# Any decent diesel tunes out there GEN 2



## CHEVYCRUZE RS (Mar 29, 2011)

use the search bar, tons of reviews and news update tune upgrades lol but yes I recommend trifecta tunes!


----------



## mr overkill (Dec 1, 2013)

CHEVYCRUZE RS said:


> use the search bar, tons of reviews and news update tune upgrades lol but yes I recommend trifecta tunes!


 Gen 2. Not 1


----------



## CHEVYCRUZE RS (Mar 29, 2011)

mr overkill said:


> Gen 2. Not 1


Ahhh sorry about that didn’t notice


----------



## mr overkill (Dec 1, 2013)

No problem 😊


----------



## Jsjr56 (Feb 2, 2021)

mr overkill said:


> Looking to get the ball rolling for a Tune that's solid out there. Any choices ?any reviews ?
> 
> Thanks again


Bad news racing has the most gains I’ve been seeing next to Vermont tuning I personally give it to bnr cause they do new tunes for new upgrades for free as long as you bought the tunner threw them and I learned you can use they’re tunes and kinda change it around yourself to push out a little more power


----------



## TRIFECTA (Feb 17, 2011)

FWIW, OP seems to have a gen2 diesel. I don’t think bnr or vermont offer product for that application…


----------



## Jsjr56 (Feb 2, 2021)

TRIFECTA said:


> FWIW, OP seems to have a gen2 diesel. I don’t think bnr or vermont offer product for that application…

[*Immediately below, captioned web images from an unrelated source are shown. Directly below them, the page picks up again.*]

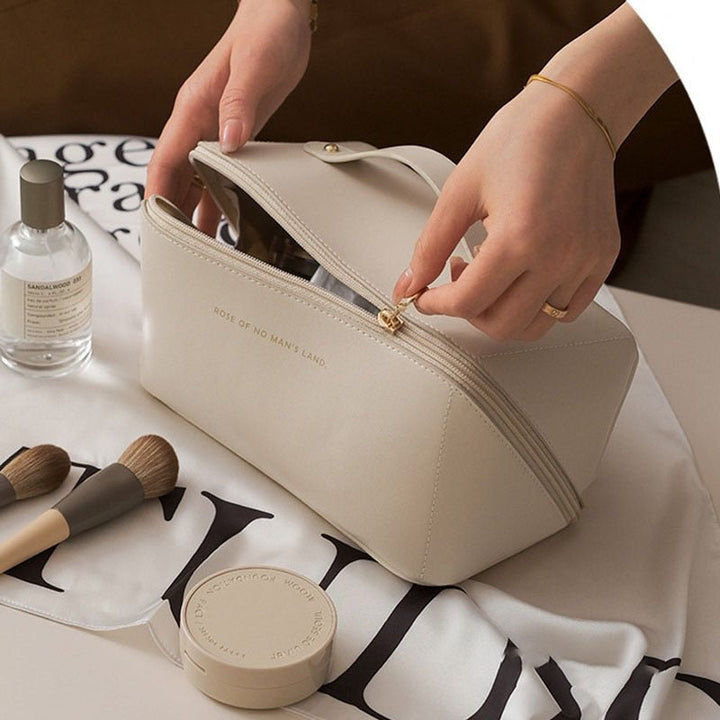 Thora Organizer Makeup Bag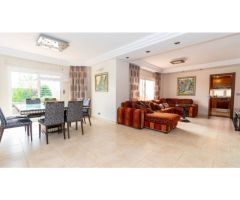 PRECIOSO CHALET CON PISCINA PRIVADA Y GARAJE EN AGUAS NUEVAS, TORREVIEJA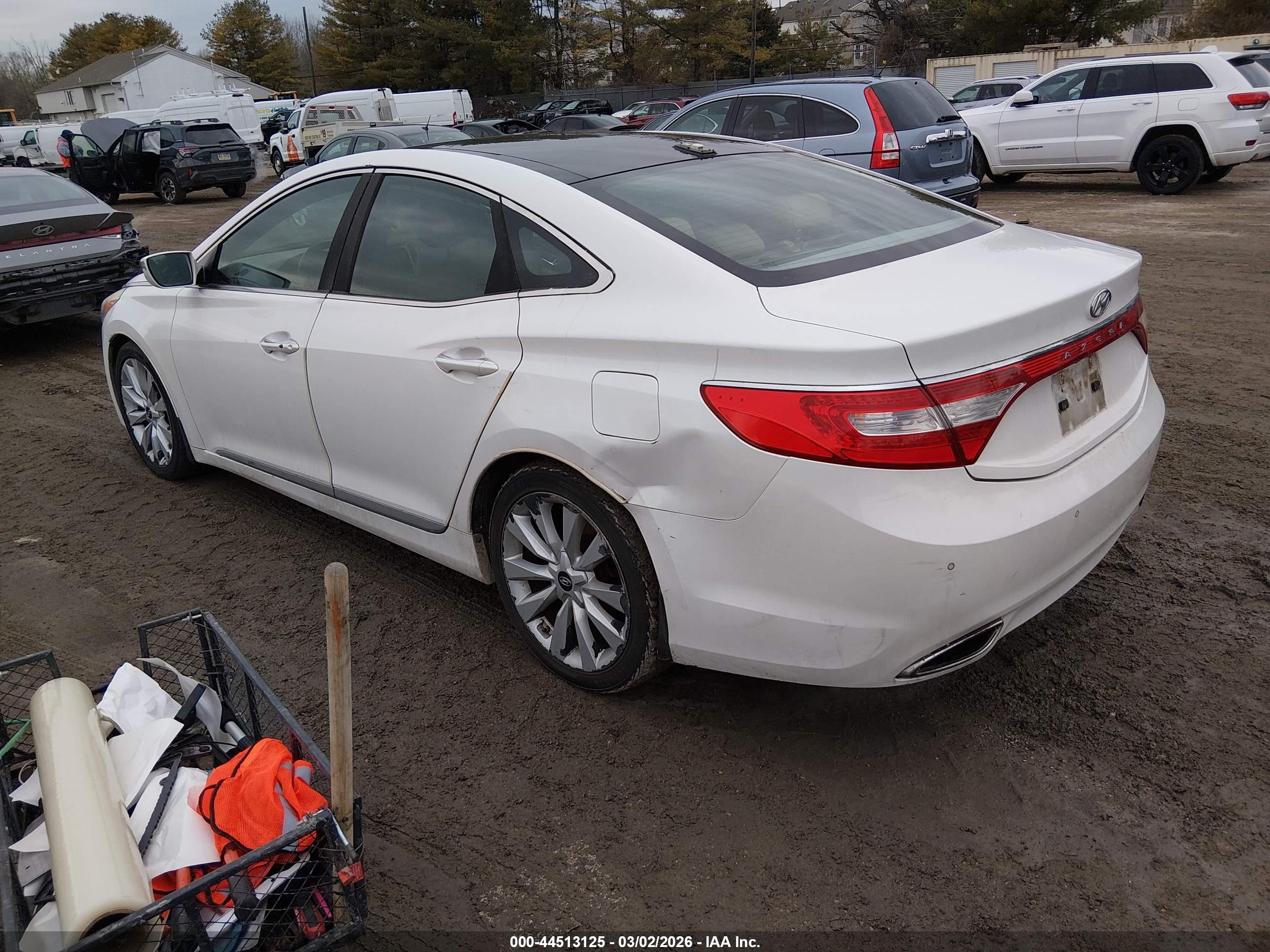 HYUNDAI AZERA image 3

Bnr does offer for the gen 2 I don’t think the diesel, they also don’t charge for updated which is good


----------



## mr overkill (Dec 1, 2013)

Gen 2 diesel. Hence why it's in the gen 2 diesel section.


----------



## Jsjr56 (Feb 2, 2021)

mr overkill said:


> Gen 2 diesel. Hence why it's in the gen 2 diesel section.

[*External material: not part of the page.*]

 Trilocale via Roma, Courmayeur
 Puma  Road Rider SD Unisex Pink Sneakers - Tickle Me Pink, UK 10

If yours is the 2014 it’s says in your account than they make one for your car I assumed it was a 2014 diesel like it says in your account if not my mistake


----------



## mr overkill (Dec 1, 2013)

Jsjr56 said:


> If yours is the 2014 it’s says in your account than they make one for your car I assumed it was a 2014 diesel like it says in your account if not my mistake


The 14 is the old one I have. 18 now


----------